## What is required
Only the lines from the one containing "Animovaná dekorácia desivý" through the end of the data are wanted, reproduced exactly and without pictures.

[[ Data open ]]

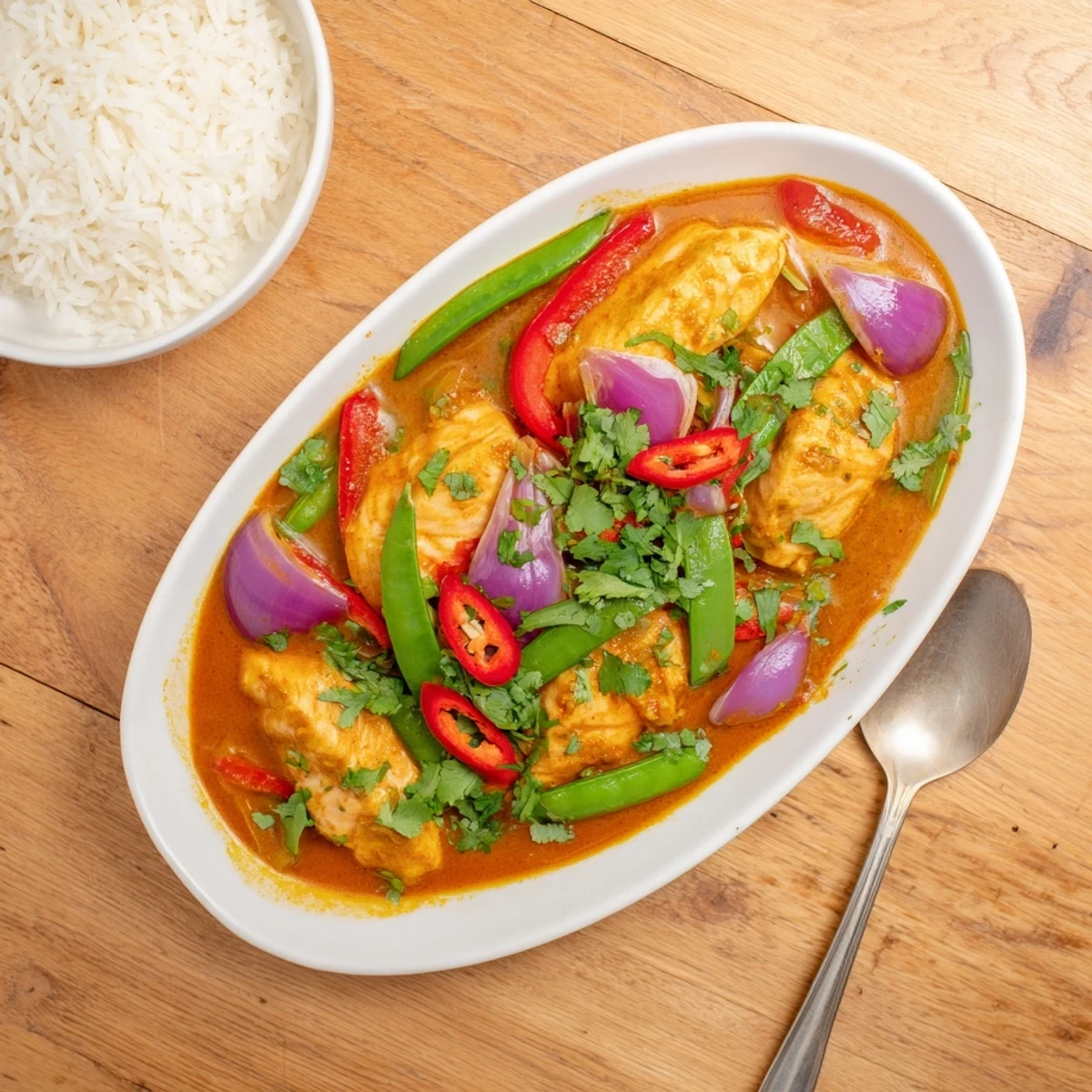 Weeknight dinner of tender red curry coconut salmon served over rice with scattered coriander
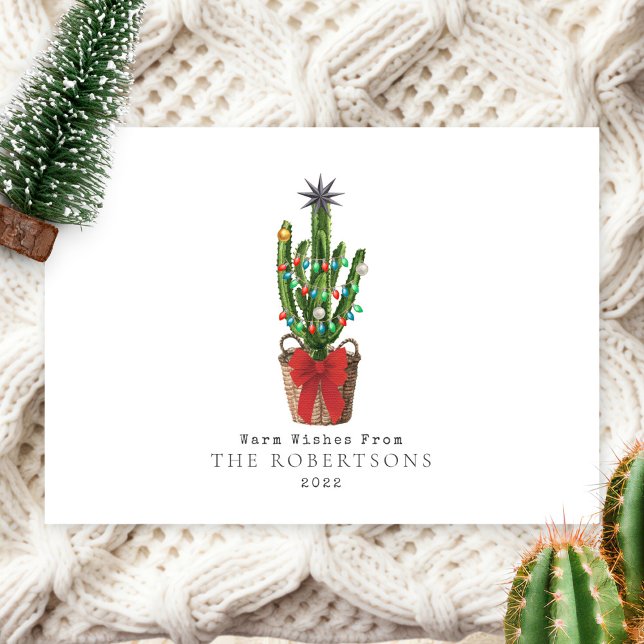 Warm Wishes Cactus Christmas Holiday Card (Creator Uploaded)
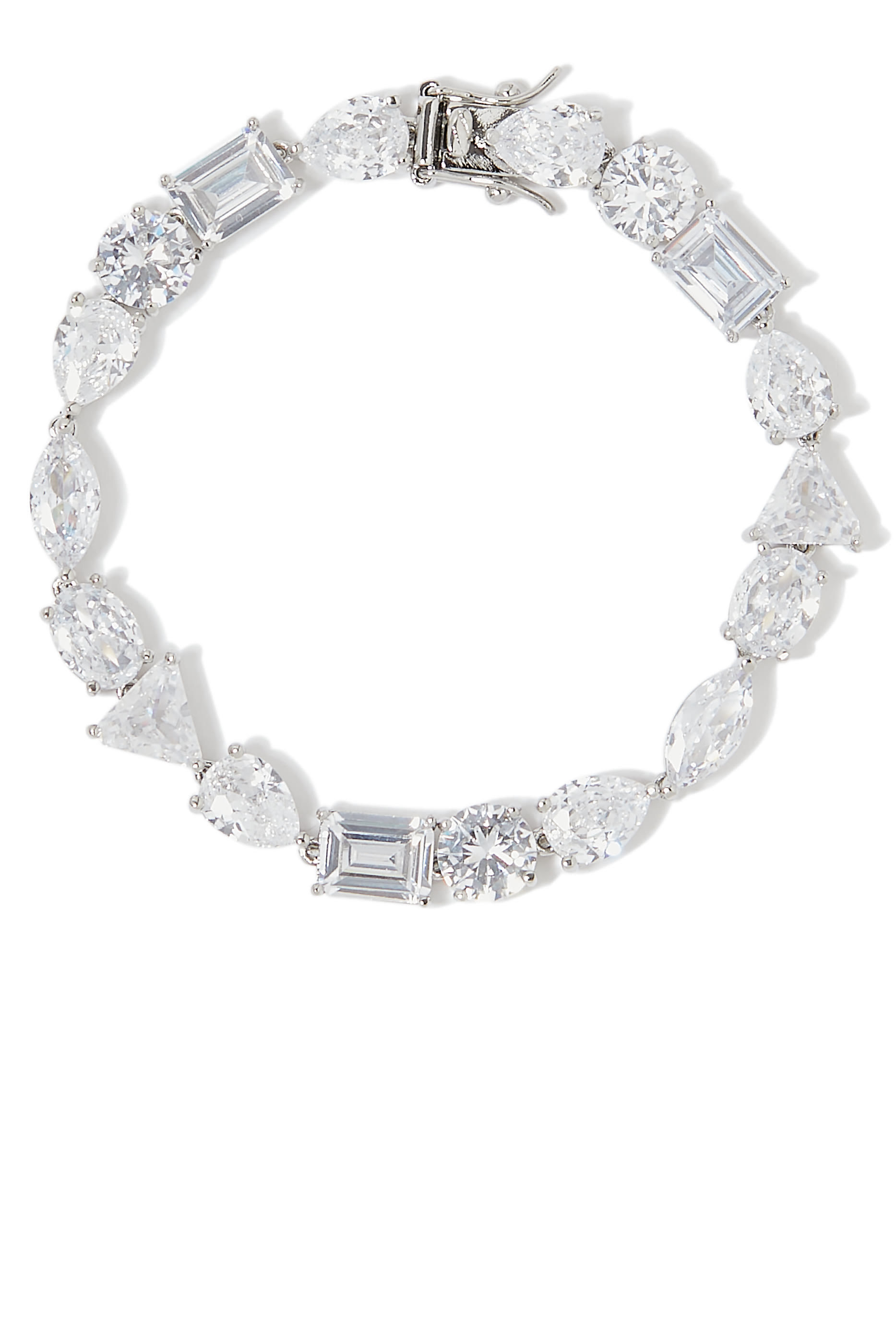 Multi Shape Tennis Bracelet, Sterling Silver & Cubic Zirconia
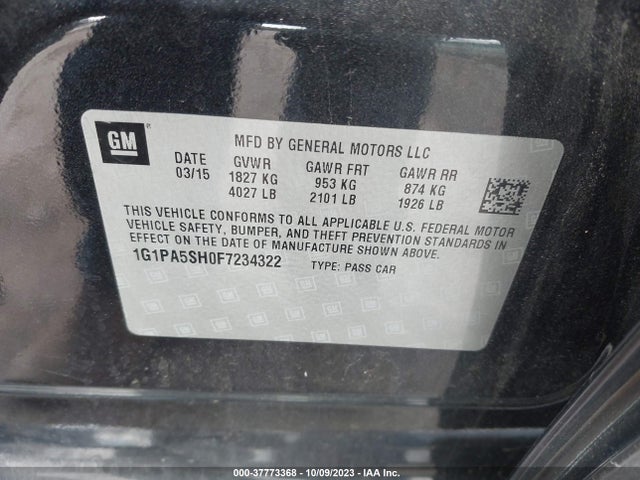 2015 CHEVROLET CRUZE LS VIN: 1G1PA5SH0F7234322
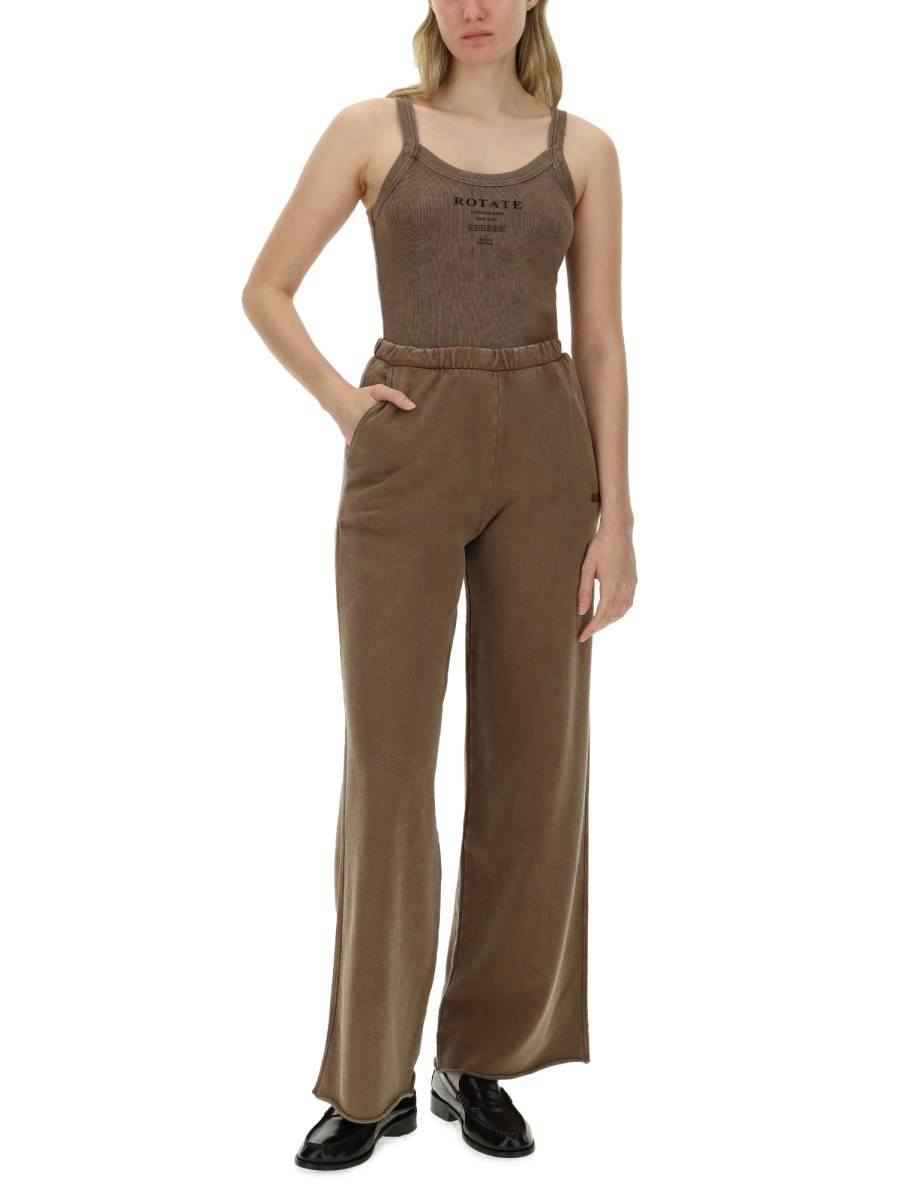 ROTATE BIRGER CHRISTENSEN PANTALONE IN FELPA WIDE LEG
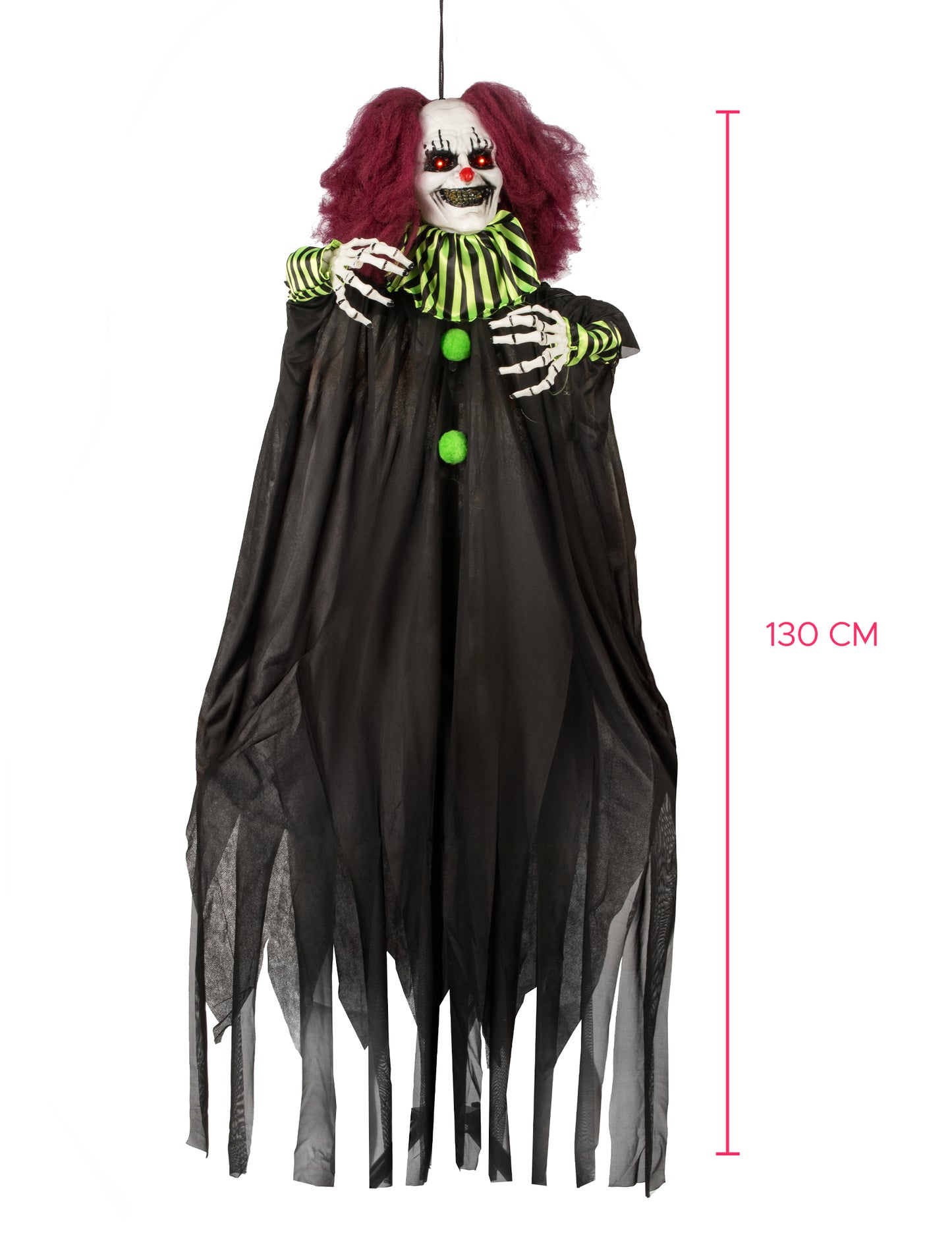 Animovaná dekorácia desivý klaun visiaci 130 cm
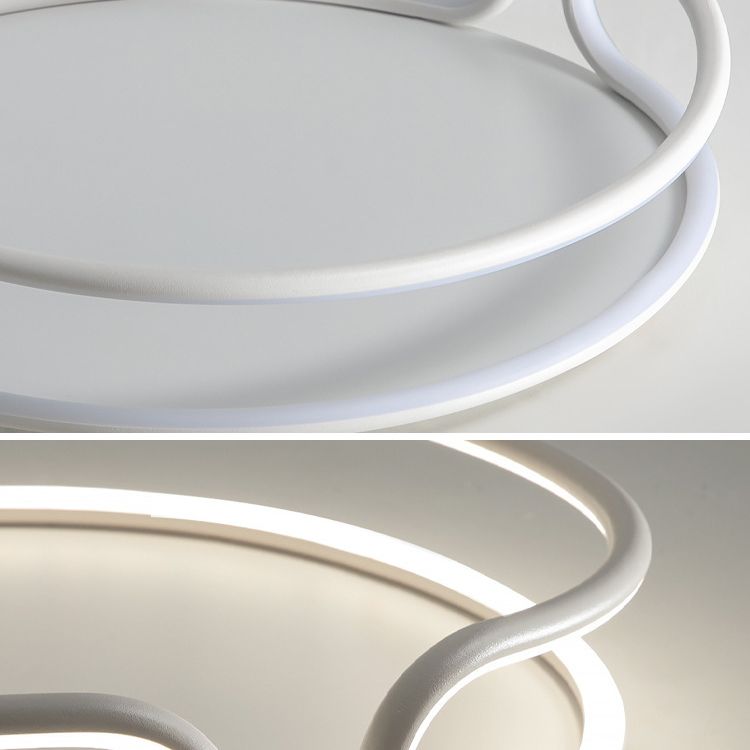 Circle Ceiling Mounted Light Modern Style Metal LED White Ceiling Light Fixture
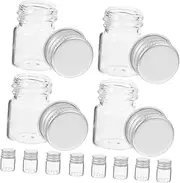 CHILDWEET 24pcs Clear Glass Vials with Screw Caps Mini Bottles for DIY Storage Sample Containers Wish Jars for Travel Use
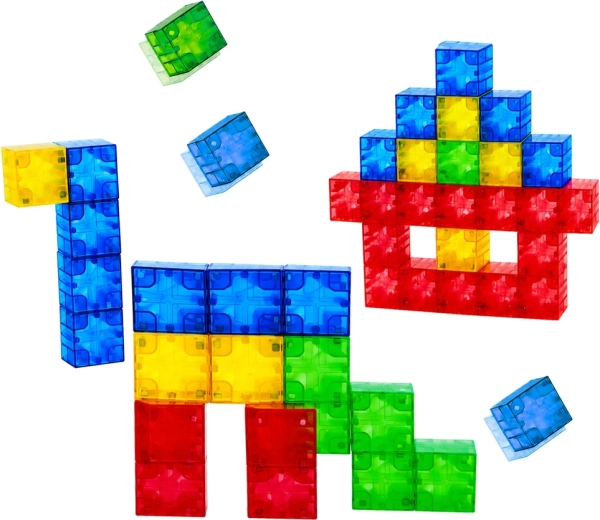 Kleurrijke transparante blokjes voor 2D- en 3D-constructies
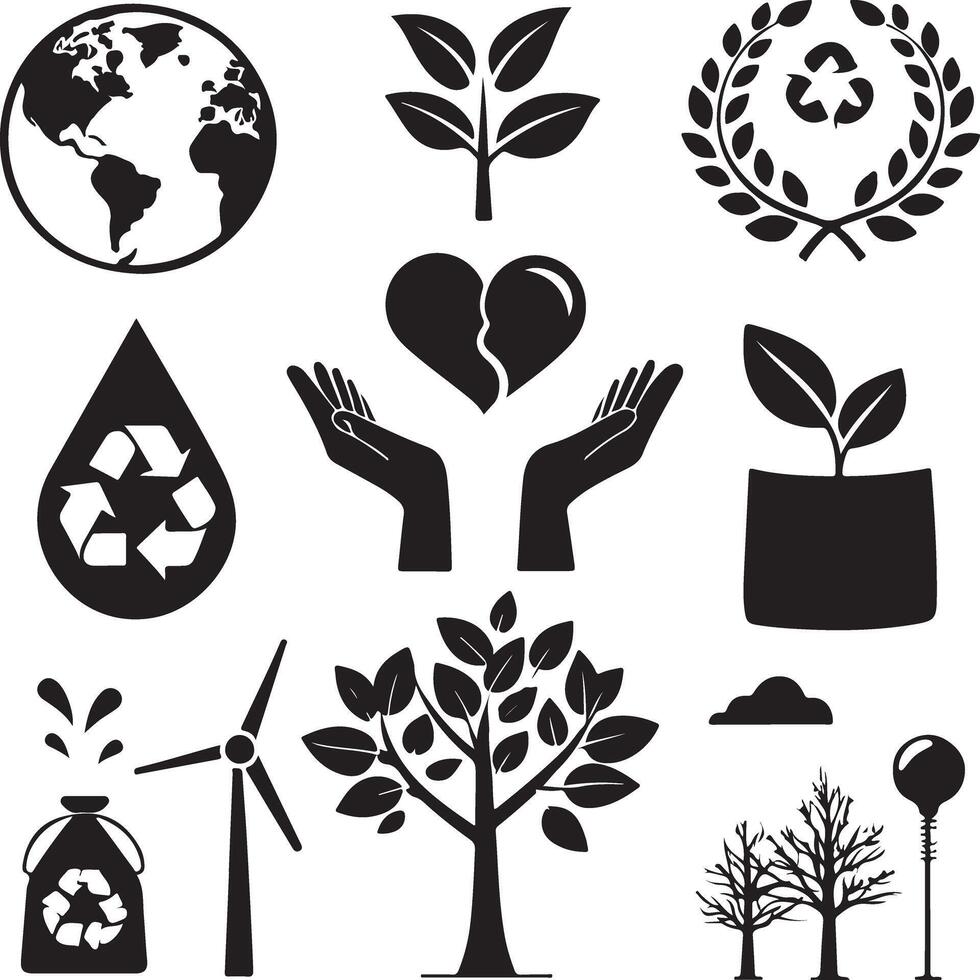Sustainability and Environment Symbols Collection vector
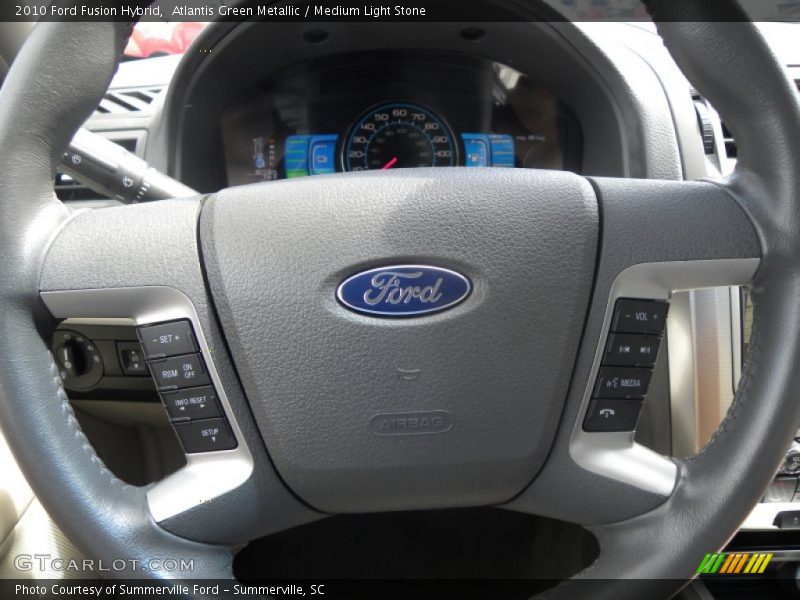 Atlantis Green Metallic / Medium Light Stone 2010 Ford Fusion Hybrid
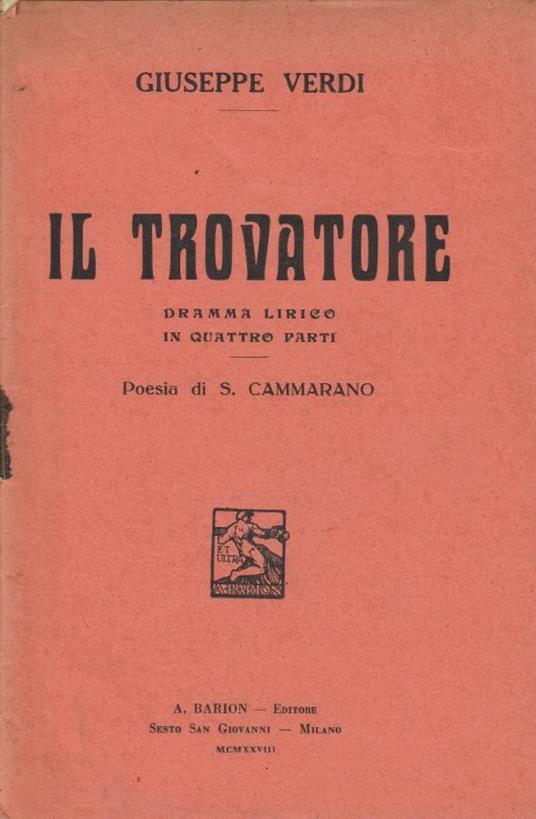 Il trovatore - Giuseppe Verdi - copertina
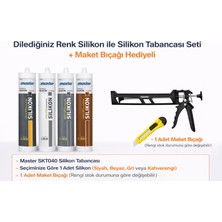 First Master Silikon Tabancası + Seçmeli Renk Silikon (Siyah/beyaz/gri/kahverengi) + Maket Bıçağı Hediyeli Set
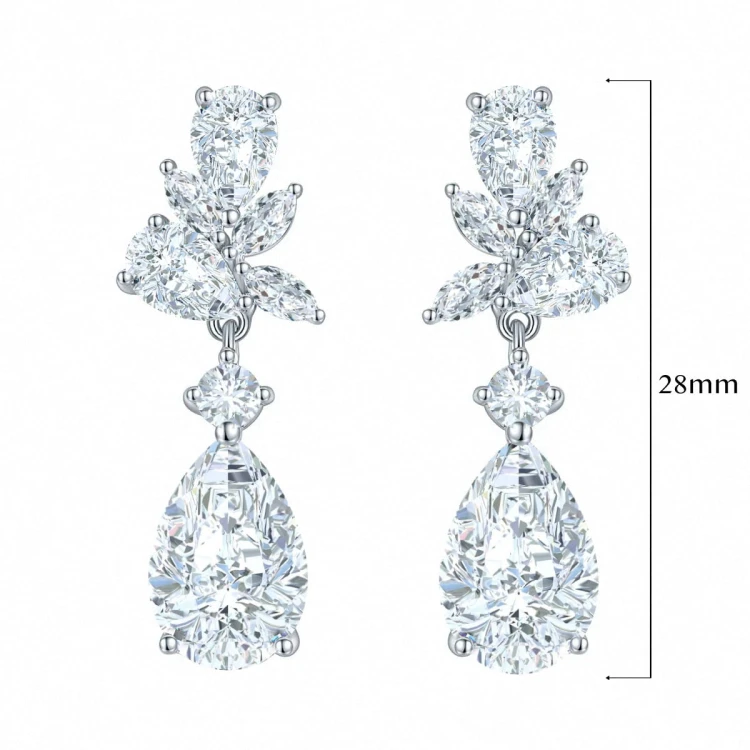Hängende Ohrringe mit Moissaniten im Pearschliff, 8,8 ct - Silber 925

[[ Data closed ]]

## Task response
 Animovaná dekorácia desivý klaun visiaci 130 cm
 Circle Ceiling Mounted Light Modern Style Metal LED White Ceiling Light Fixture
 CHILDWEET 24pcs Clear Glass Vials with Screw Caps Mini Bottles for DIY Storage Sample Containers Wish Jars for Travel Use
 Kleurrijke transparante blokjes voor 2D- en 3D-constructies
Sustainability and Environment Symbols Collection vector
 Atlantis Green Metallic / Medium Light Stone 2010 Ford Fusion Hybrid
 Il trovatore - Giuseppe Verdi - copertina
 First Master Silikon Tabancası + Seçmeli Renk Silikon (Siyah/beyaz/gri/kahverengi) + Maket Bıçağı Hediyeli Set
Hängende Ohrringe mit Moissaniten im Pearschliff, 8,8 ct - Silber 925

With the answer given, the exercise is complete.